New objects uploaded to source are automatically replicated to destination. Replication happens asynchronously (may take a few seconds). Existing objects are not replicated (only new uploads after replication is enabled).
Storage Classes
S3 has different storage classes based on how often you access data and cost. Pick the one that fits your needs.
Storage class is per object, not per bucket. When uploading, you choose the storage class. Don’t specify? Defaults to Standard.
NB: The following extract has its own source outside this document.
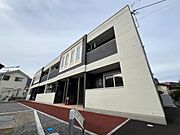 河戸帆待川駅より徒歩6分 2階 築1年2ヶ月の賃貸物件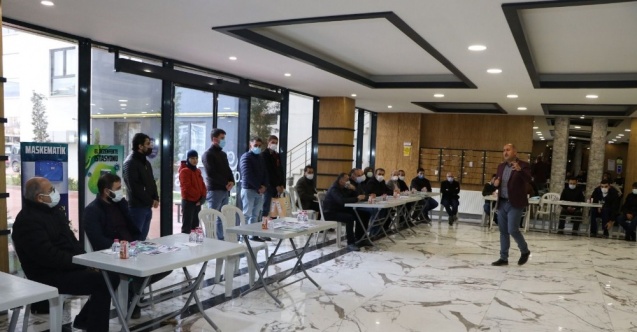 Başkan Türkyılmaz, "Vatandaşlarımızın her anında hep yanındayız"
You can change it later or use lifecycle policies to automatically move objects around.
For detailed comparison, see AWS S3 Storage Classes Comparison.
Minimum Storage Duration: If you delete or move an object before the minimum duration, you’re charged for the full minimum period. Example: Move to Standard-IA, delete after 10 days → charged for 30 days.
Applies to: Standard-IA (30 days), One Zone-IA (30 days), Glacier Instant Retrieval (90 days), Glacier Flexible Retrieval (90 days), Glacier Deep Archive (180 days).
Things to remember:
- You can change storage class anytime (lifecycle policies automate this)
- Lower cost = longer retrieval time or higher retrieval fees
- Use lifecycle policies to automatically move objects to cheaper classes as they age
- Standard is default for new uploads
S3 Express One Zone
Express One Zone is the fastest S3 storage class - designed for latency-sensitive stuff. Single-digit millisecond access, up to 10x faster than Standard.
Key features: single-digit millisecond access, 50% lower request costs than Standard, single AZ (you choose which one), crazy durability (11 nines), 99.95% availability, no minimum storage duration.
Use cases: high-performance apps needing ultra-low latency, ML training data, real-time analytics, gaming assets, media processing workflows.
Things to remember:
- Data loss risk if the AZ fails (single AZ, not multi-AZ like Standard)
- More expensive storage cost than Standard, but cheaper requests
- Must create a directory bucket (not regular bucket) to use Express One Zone
- Best for applications that need speed and can tolerate single-AZ risk
Lifecycle Policies
Lifecycle policies automatically move objects to cheaper storage classes or delete them based on age. Saves money by moving old data to cheaper storage.
Common rules: after 30 days → move to Standard-IA, after 90 days → Glacier Flexible Retrieval, after 180 days → Glacier Deep Archive, after 365 days → delete (if not needed).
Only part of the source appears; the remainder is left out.